Ainsi donc nous prenons le train. Le train de ce qui se raconte. Le temps se dilate, se met au ralenti, les personnages parlent les uns après les autres sur un pont roulant doucement traversant la scène, tandis que d’autres parties du plateau s‘enfoncent dans le sol, et que sur toute la surface du cyclo de fond de scène apparaissent et disparaissent des fragments de photos sombres et floues, mouvantes, de lumières tenues éparses dans la nuit, fragments, de bords de balcons en fer forgé, de rebords de chaises de bistrots, avec toujours ce macadam omniprésent de la rue que l’on devine être le premier témoin de ce qui est advenu ce soir du 13 novembre 2015 dans le 11ème arrondissement de Paris. Alors voila, nous aurions pu en rester là, dans cette lente évocation d’instants terribles, où l’on se plonge, où l’on se trempe à saturation au cœur de l’intimité de ceux qui vont mourir, qui meurent et qui sont morts. Retournant mille fois le couteau dans la plaie, parce que oui, il y a un semblant de masochisme, si l’on prend l’affaire au premier degré et si l’effet cathartique de la pièce n’opère pas tout de suite.

Les morts sont là au grands complet et tous les acteurs de cette histoire contemporaine défilent, racontent, et petit à petit, le propos passe de local à internationale, les mêmes à Paris, à Moscou, en Israël le 7 octobre dernier : des jeunes en train de danser, de faire la fête, fauchés par des balles assassines. Mais comment est ce que ce texte résonne lorsqu’on sait que des familles entières, plus de 35.000 personnes à ce moment précis où nous sommes, sont balayées de la surface de la terre, réduites en poussière en Palestine? Ici la vérité des situations et de l’actualité basculent dans un réel rendu fictionnel, car ces histoires personnelles ont toutes été inventées. A imaginer le travail d’écriture de l’auteur, on frémit. Porter tous ces personnages en lui. Comment a t’il fait ?

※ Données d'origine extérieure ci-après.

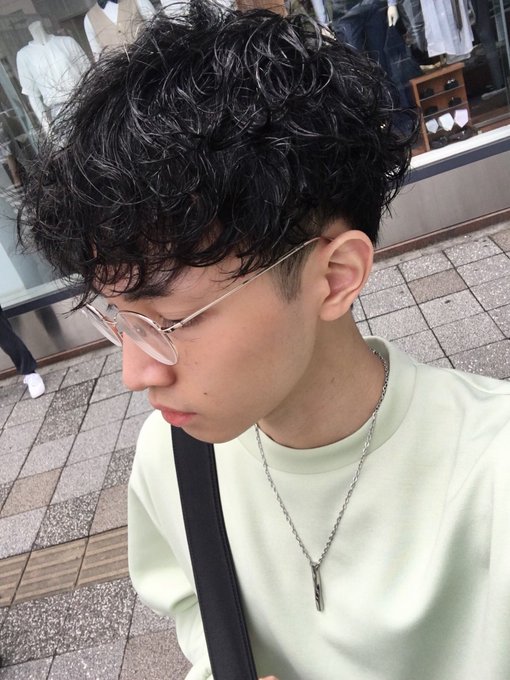 new hair style https://t.co/tmCVK3eqYI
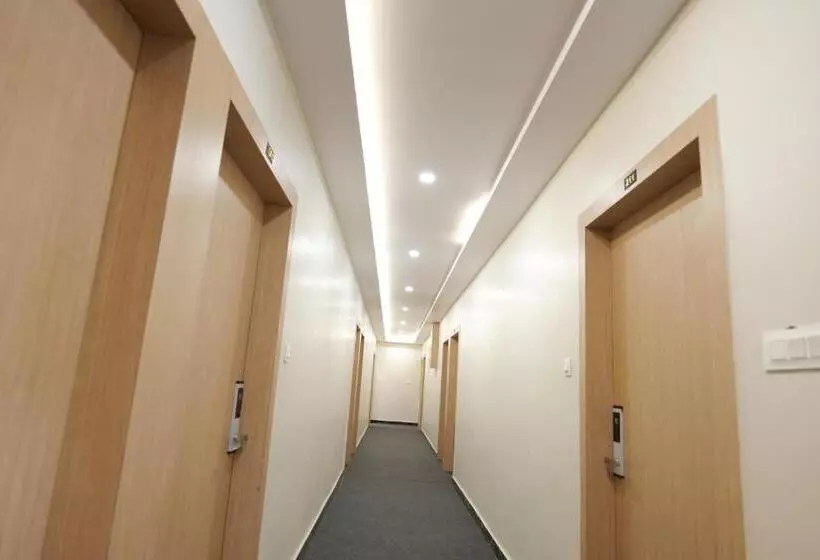 ホテル Indralok Inn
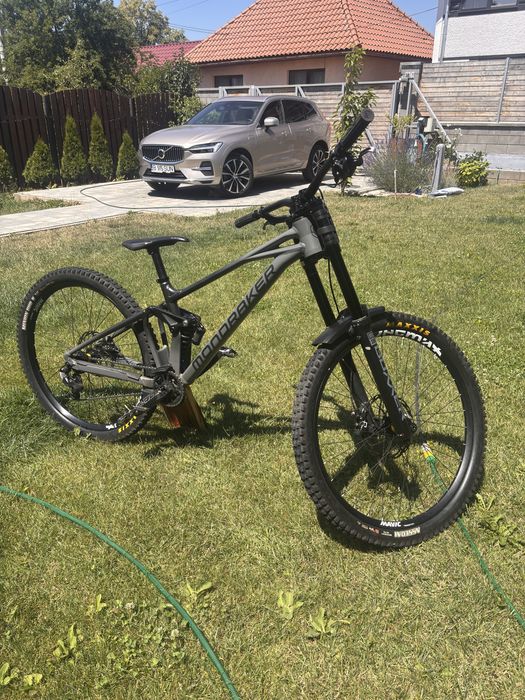 [URGENT]  Bicicleta DH MTB Mondraker Summum 2024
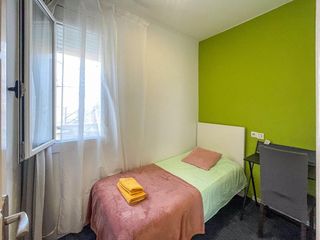 Piso en venta en Sant Antoni en Barcelona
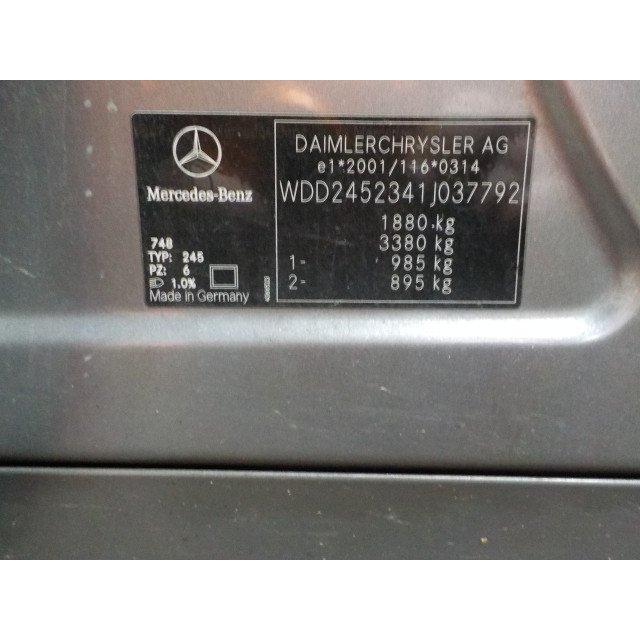 Rechter Kotflügel Mercedes-Benz B (W245/242) (2005 - 2011) Hatchback 2.0 B-200 16V Turbo (M266.980)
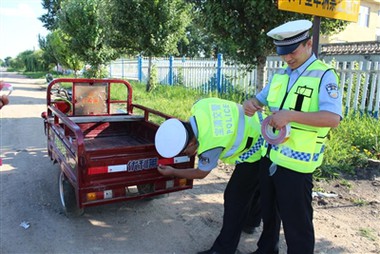 ملصقات عاكسة صغيرة، تضيء الجماهير بأمان خارج الطريق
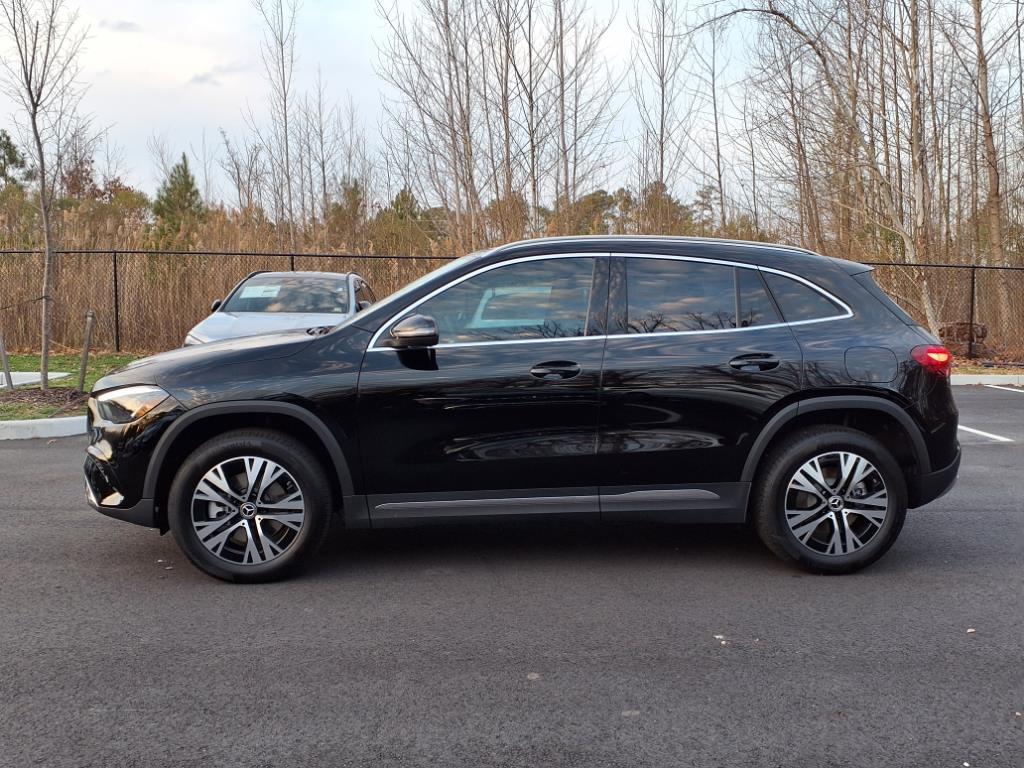 2025 Mercedes Benz GLA 250 photo 4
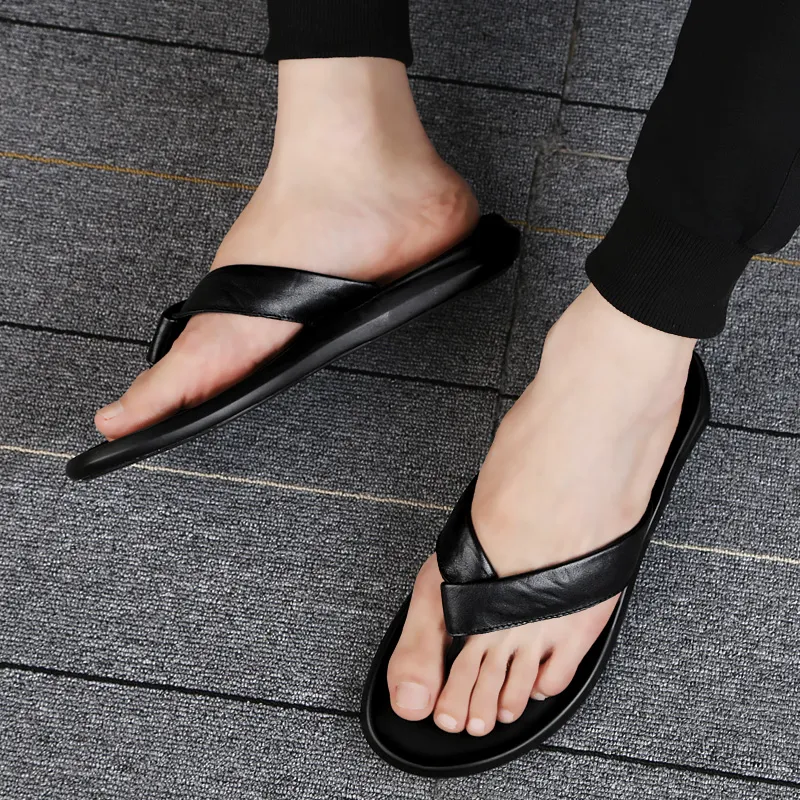 Eminu Slip Resistant Flip Flops Men's Black-3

L’action se déroule lentement, implacable. On assiste de l’intérieur à toutes les exécutions, les morts se racontent. Et puis le chirurgien qui organise les secours parle, des blessés qu’il faut choisir de sauver ou de faire attendre, de ces plaies à panser à recoudre ces corps à rééduquer et les infirmières aussi racontent, leurs nuits, leur courage, leur abandon dans les taches salvatrices, salvatrices. Et là ces paroles qui sont prononcées par les soignants, mots pour mots sont les mêmes que celles prononcées par les médecins qui rentrent de n’importe quel conflit ou plus précisément en ce moment de la Palestine ou de l’Ukraine et l’on passe brutalement d’un seul coup, à une lecture universelle de la pièce.

Terrorisme, crime de guerre, tout est broyé dans la même douleur, le même sang , la même horreur. Les terrasses se sont trans mutées en champ de ruines. Et « terrasses » de Laurent Gaudet devient un véritable plaidoyer pour les victimes des populations civiles de nos guerres modernes quel qu’elles soient. « Terrasse » d’un réalisme suraigu, est un mal construit pour expurger collectivement ces événements particuliers qui nous touchent de si près et nous relient à toutes les victimes civiles collatérales ou pas , des conflits contemporains, qui dans la sophistication de leurs outils sont tellement destructeurs pour le genre humain . Un mémorial éphémère en béton armé, une ode empathique et sanglante réparatrice, un requiem, dont les acteurs eux même semblent se prémunir, activant mentalement le gilet pare-balles de leurs âmes, et le dôme de protection virtuel du Théâtre la Colline.

Avec ce spectacle terrible, si fort, d’une pertinence redoutable qui touche à la fois au local et à l’universel, en osmose avec l’actualité, alors que la guerre est là en Europe, au Moyen orient et rôde, le théâtre de la Colline joue pleinement son rôle de raconter notre époque et d’en livrer les affects et la complexité, tout en tendant encore une fois de réparer collectivement les psychés, en expurgeant le passé. Regarder notre temps bien en face.